If the Australian sporting public demands the best, then it seems the World Cup and national team success would be the most self-evident mechanism to shift the national paradigm. The FFA must cast aside their inhibitions and provide a platform for an earnest campaign in 2018. Rather than financing the now defunct North Queensland Fury or the Gold Coast United, the game’s governing body should be distilling the talent pool with the foremost training ideologies, techniques and scientific developments; 3 areas Australia traditionally excels at in other codes. Following the lead of the burgeoning Japanese footballing community, that has achieved domestic league growth following national improvement, if not overwhelming success, would be a start.

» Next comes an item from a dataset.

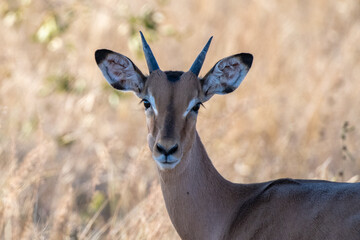 Portrait of a male impala (Aepyceros melampus) in the Timbavati Reserve, South Africa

But surely the most promising avenue towards such an outcome must be Australia’s spectacularly fruitless 2018/2022 World Cup bid. To go back on the small, but nonetheless valuable, progress that has been made would be a retrograde step. While critics have bemoaned the financial waste of the Lowy-led recent World Cup bids, the FFA must rally to ensure future support does not wane. The Australian footballing community must demand a further bid when the time comes, for this would provide the impetus to embrace the one truly international sport as the preeminent Australian game.